I’d hope that academics have studied these inconsistencies of narrative. But, as a newcomer, it looks to me as if different parts of the Qur’an probably had at least two different authors, one knowing a bit more of the Torah narrative than the other, and with some embellishments added.
There are also repeats of the non-Biblical stories of earlier peoples who – like Noah’s – received a messenger from God but failed to listen to them and were then destroyed: the Ad and “their tribesman Hud”; the Thamud and Salih – with an added sub-plot about a she-camel; the Midian and Shu’ayb. Rather more poetically than before, in each case God says “Away with Ad”, “Away with Hud” etc. And the earthquake that hits the Thamud and Midian is called “the Scream”.
The reason for including all these stories again is to underline the idea that, not only will unbelievers suffer in the Afterlife, but there’s a good chance your whole civilisation will be destroyed in this life if you ignore God’s message.
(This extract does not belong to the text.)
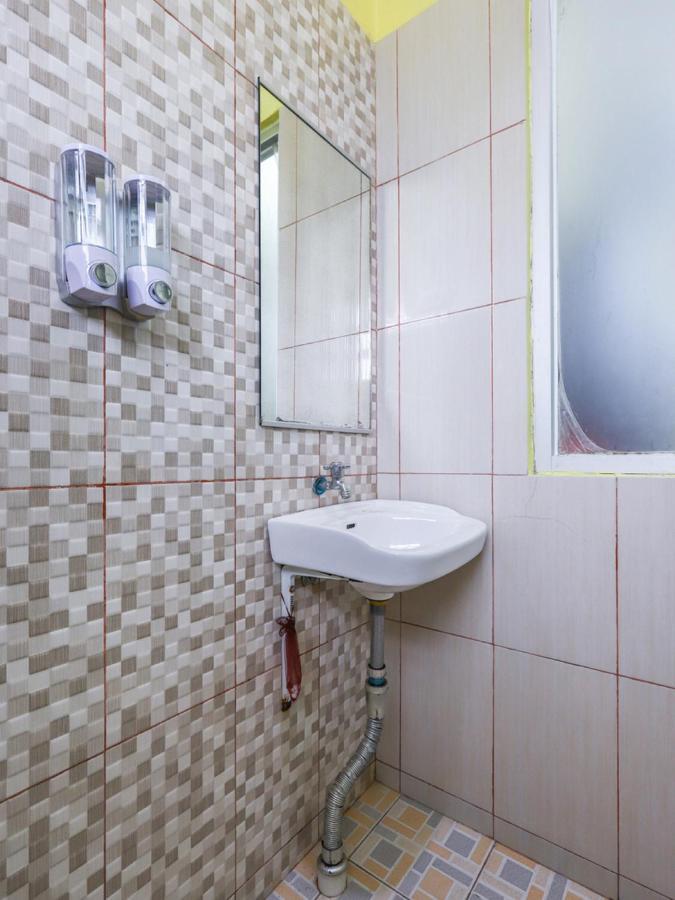 Hotel Oyo 3830 Dfarys Gh Syariah Balikpapan  Zewnętrze zdjęcie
And there’s no excuse as “For every nation there is a messenger: when their messenger comes to them, judgement is passed among them with fairness, and they are not wronged……For every nation there is an appointed time; when their time arrives, they can neither delay it, nor bring it forward”.
The author does not say here that there will be no new “nations” after the time of the Muhammed – obviously there have been. And these verses say clearly that God sends a messenger to each nation. The (surprising) implication is that there will be messengers (prophets) after Muhammed.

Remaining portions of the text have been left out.